**Exercise objective**
Among the entries below, copy only the span from the line containing "A4 Cooling Performance" through the line containing "Sea pirate skull". Do so exactly, and skip the pictures.

**Data extract**

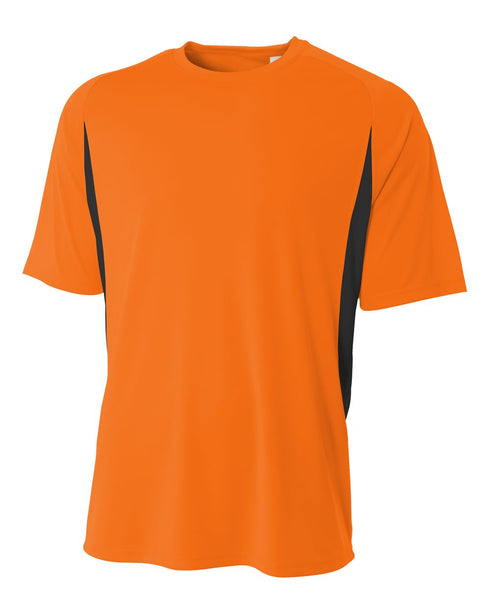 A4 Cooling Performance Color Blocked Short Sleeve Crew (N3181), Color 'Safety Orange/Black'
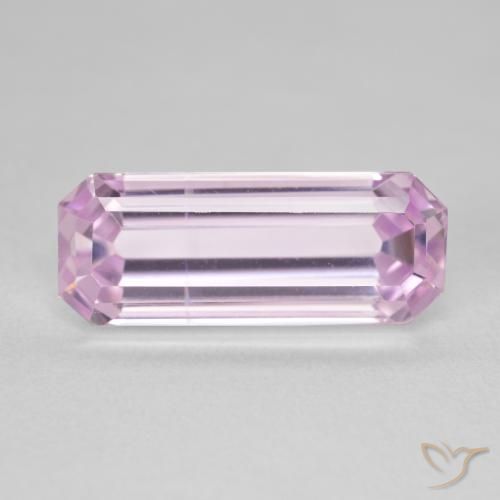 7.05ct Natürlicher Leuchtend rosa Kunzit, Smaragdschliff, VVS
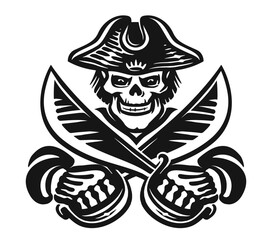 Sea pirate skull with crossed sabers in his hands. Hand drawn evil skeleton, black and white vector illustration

---

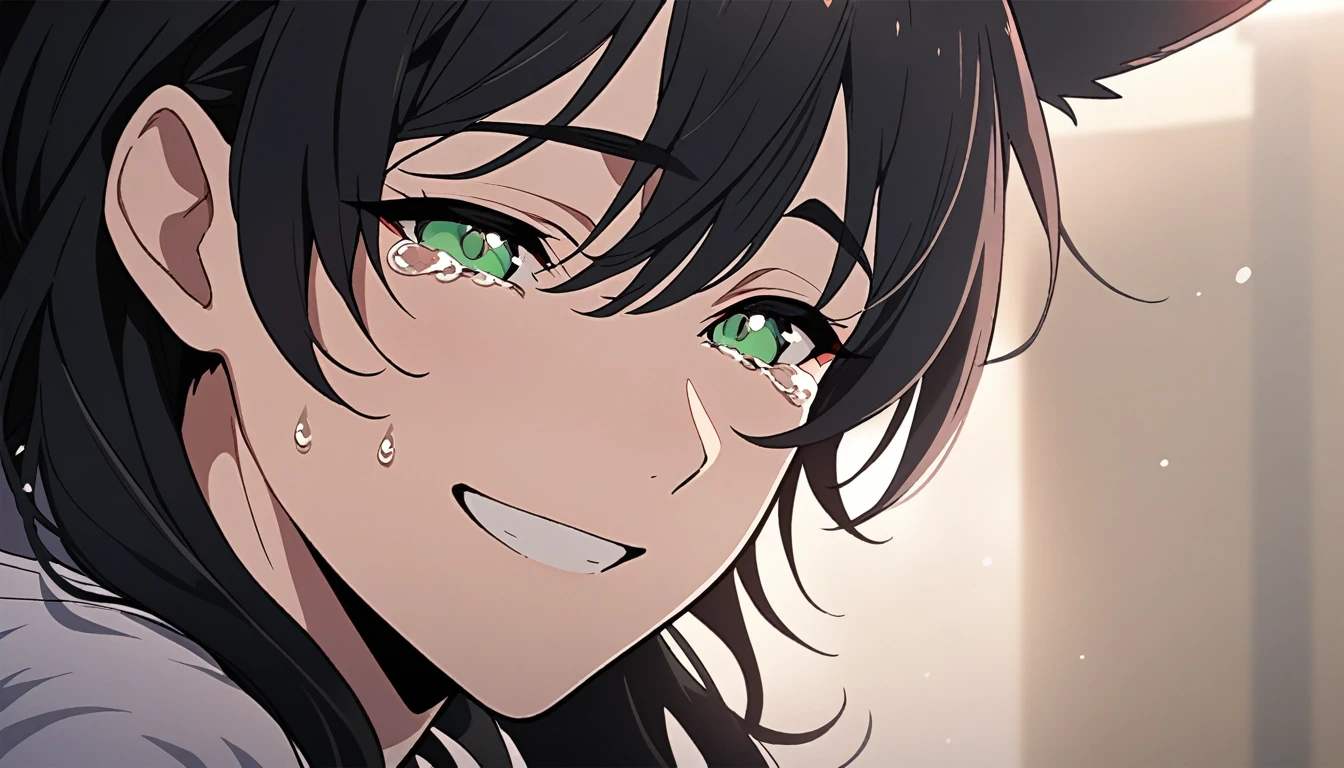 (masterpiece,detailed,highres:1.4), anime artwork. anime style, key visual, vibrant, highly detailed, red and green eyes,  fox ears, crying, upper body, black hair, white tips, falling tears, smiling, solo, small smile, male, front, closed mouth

**Reply to the exercise**
 A4 Cooling Performance Color Blocked Short Sleeve Crew (N3181), Color 'Safety Orange/Black'
 7.05ct Natürlicher Leuchtend rosa Kunzit, Smaragdschliff, VVS
 Sea pirate skull with crossed sabers in his hands. Hand drawn evil skeleton, black and white vector illustration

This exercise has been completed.